» What to work on
Your task is to quote the records from their first line through the line containing "一種可視化的起重機(jī)吊取定位系統(tǒng)的制造方法與工藝", with nothing added or left out.

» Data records
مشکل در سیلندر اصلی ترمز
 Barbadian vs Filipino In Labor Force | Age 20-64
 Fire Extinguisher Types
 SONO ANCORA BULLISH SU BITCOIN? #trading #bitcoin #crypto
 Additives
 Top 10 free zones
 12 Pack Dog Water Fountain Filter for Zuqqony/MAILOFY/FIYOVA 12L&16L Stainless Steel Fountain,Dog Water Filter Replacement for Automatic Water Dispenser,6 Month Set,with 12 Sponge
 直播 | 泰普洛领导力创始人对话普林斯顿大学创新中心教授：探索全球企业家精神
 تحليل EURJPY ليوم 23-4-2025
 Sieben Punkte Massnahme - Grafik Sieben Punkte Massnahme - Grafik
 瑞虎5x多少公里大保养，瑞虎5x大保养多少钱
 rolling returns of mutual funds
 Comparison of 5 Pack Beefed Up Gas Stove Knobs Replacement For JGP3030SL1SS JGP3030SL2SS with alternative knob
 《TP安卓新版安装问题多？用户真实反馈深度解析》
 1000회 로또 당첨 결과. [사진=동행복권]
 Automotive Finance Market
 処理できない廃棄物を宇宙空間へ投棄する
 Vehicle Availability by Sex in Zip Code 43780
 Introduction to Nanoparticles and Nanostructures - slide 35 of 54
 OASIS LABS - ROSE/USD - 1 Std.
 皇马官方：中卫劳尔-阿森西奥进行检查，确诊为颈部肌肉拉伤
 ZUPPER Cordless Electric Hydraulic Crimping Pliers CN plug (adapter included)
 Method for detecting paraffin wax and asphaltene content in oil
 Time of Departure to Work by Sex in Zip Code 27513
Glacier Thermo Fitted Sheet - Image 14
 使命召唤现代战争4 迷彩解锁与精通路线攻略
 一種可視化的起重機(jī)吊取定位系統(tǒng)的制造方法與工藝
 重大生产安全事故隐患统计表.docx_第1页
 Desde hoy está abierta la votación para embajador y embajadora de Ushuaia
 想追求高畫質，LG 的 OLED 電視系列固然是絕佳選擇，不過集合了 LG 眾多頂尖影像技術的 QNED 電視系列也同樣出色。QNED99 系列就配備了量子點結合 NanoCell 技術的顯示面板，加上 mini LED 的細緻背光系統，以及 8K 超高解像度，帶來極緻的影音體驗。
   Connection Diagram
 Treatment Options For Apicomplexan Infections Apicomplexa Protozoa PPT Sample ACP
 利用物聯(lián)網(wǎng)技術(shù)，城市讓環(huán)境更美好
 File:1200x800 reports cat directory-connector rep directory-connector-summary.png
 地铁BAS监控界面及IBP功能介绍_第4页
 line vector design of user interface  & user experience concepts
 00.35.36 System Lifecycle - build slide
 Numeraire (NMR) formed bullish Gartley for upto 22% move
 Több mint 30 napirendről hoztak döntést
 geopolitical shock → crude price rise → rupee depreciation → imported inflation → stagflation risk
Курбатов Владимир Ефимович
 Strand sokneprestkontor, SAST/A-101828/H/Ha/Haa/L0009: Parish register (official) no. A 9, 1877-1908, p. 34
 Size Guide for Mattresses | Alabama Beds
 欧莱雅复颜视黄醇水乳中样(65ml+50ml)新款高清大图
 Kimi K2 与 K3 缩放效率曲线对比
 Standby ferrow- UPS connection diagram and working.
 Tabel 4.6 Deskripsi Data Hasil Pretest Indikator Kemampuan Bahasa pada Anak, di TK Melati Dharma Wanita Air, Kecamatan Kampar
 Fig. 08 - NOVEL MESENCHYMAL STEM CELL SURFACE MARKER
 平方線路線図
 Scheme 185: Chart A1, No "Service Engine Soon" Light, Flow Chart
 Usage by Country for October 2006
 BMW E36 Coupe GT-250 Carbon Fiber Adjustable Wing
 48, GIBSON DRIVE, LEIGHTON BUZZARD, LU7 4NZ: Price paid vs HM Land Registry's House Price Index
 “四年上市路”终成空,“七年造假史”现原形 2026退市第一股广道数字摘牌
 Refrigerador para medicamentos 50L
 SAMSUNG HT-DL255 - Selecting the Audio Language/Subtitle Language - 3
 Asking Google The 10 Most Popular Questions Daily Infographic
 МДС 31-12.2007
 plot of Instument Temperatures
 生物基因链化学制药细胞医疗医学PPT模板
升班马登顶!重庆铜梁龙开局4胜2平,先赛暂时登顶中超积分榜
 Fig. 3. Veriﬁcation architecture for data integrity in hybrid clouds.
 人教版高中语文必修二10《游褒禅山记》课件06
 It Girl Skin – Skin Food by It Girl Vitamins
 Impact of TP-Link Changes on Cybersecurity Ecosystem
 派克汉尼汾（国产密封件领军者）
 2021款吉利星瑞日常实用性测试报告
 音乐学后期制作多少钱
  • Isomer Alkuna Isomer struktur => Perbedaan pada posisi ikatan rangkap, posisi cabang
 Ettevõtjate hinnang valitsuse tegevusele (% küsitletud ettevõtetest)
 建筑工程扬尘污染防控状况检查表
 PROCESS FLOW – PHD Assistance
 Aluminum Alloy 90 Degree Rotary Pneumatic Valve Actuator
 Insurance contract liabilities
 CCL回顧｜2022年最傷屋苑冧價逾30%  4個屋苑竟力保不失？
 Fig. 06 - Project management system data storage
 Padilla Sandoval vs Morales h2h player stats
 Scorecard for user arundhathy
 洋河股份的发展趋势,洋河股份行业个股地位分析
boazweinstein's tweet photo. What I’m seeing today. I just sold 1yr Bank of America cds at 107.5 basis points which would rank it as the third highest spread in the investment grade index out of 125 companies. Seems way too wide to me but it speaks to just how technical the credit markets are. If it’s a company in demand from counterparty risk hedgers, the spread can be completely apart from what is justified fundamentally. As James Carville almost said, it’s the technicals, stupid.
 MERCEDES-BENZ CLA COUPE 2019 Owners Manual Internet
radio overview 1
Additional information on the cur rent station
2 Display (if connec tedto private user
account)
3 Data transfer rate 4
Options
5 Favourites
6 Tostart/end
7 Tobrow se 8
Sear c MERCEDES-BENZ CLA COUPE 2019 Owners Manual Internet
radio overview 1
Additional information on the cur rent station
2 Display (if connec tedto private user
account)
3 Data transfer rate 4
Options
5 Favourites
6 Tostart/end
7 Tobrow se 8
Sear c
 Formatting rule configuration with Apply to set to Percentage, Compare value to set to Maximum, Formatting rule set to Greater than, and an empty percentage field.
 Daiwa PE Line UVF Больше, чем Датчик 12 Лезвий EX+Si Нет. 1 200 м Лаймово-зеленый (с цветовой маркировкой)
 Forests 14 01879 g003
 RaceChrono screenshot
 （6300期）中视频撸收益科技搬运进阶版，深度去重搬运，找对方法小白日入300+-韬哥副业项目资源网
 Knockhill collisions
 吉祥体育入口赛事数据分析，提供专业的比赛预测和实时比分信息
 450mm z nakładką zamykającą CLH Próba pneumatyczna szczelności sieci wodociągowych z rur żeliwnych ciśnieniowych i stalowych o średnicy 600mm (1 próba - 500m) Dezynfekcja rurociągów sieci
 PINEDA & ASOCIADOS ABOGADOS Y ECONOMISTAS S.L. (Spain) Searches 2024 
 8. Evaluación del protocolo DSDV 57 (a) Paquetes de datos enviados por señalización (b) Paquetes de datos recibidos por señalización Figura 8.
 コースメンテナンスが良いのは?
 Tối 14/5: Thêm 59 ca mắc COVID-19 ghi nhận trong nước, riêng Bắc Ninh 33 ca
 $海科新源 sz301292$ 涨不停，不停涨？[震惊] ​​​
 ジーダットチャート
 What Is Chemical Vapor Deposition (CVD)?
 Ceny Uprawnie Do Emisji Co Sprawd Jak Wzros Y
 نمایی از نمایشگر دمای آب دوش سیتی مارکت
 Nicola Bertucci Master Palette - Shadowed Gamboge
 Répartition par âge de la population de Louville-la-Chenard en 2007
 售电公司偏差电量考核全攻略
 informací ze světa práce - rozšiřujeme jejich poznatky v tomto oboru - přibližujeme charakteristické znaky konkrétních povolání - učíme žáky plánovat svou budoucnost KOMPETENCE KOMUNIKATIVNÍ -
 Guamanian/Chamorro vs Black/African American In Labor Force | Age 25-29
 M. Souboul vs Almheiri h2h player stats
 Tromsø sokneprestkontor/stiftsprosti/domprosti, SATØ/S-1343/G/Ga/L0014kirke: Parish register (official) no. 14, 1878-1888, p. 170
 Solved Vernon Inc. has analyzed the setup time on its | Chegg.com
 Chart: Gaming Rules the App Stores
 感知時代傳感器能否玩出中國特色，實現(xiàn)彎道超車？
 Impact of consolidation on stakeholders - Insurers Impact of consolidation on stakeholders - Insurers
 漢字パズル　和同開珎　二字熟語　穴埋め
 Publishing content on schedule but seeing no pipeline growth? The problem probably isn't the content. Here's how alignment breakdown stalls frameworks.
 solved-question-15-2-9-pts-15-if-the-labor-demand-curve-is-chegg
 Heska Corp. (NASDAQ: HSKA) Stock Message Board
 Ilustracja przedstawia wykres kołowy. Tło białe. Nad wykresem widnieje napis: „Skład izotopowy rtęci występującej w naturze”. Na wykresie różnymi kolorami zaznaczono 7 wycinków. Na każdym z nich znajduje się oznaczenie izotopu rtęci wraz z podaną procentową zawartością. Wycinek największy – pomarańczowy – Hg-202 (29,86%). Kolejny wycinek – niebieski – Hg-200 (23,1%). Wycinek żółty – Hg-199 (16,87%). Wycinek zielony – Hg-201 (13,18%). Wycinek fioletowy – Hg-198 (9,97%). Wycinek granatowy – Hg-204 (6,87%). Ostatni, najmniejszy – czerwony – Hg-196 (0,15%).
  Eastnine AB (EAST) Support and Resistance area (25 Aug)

» Response below
مشکل در سیلندر اصلی ترمز
 Barbadian vs Filipino In Labor Force | Age 20-64
 Fire Extinguisher Types
 SONO ANCORA BULLISH SU BITCOIN? #trading #bitcoin #crypto
 Additives
 Top 10 free zones
 12 Pack Dog Water Fountain Filter for Zuqqony/MAILOFY/FIYOVA 12L&16L Stainless Steel Fountain,Dog Water Filter Replacement for Automatic Water Dispenser,6 Month Set,with 12 Sponge
 直播 | 泰普洛领导力创始人对话普林斯顿大学创新中心教授：探索全球企业家精神
 تحليل EURJPY ليوم 23-4-2025
 Sieben Punkte Massnahme - Grafik Sieben Punkte Massnahme - Grafik
 瑞虎5x多少公里大保养，瑞虎5x大保养多少钱
 rolling returns of mutual funds
 Comparison of 5 Pack Beefed Up Gas Stove Knobs Replacement For JGP3030SL1SS JGP3030SL2SS with alternative knob
 《TP安卓新版安装问题多？用户真实反馈深度解析》
 1000회 로또 당첨 결과. [사진=동행복권]
 Automotive Finance Market
 処理できない廃棄物を宇宙空間へ投棄する
 Vehicle Availability by Sex in Zip Code 43780
 Introduction to Nanoparticles and Nanostructures - slide 35 of 54
 OASIS LABS - ROSE/USD - 1 Std.
 皇马官方：中卫劳尔-阿森西奥进行检查，确诊为颈部肌肉拉伤
 ZUPPER Cordless Electric Hydraulic Crimping Pliers CN plug (adapter included)
 Method for detecting paraffin wax and asphaltene content in oil
 Time of Departure to Work by Sex in Zip Code 27513
Glacier Thermo Fitted Sheet - Image 14
 使命召唤现代战争4 迷彩解锁与精通路线攻略
 一種可視化的起重機(jī)吊取定位系統(tǒng)的制造方法與工藝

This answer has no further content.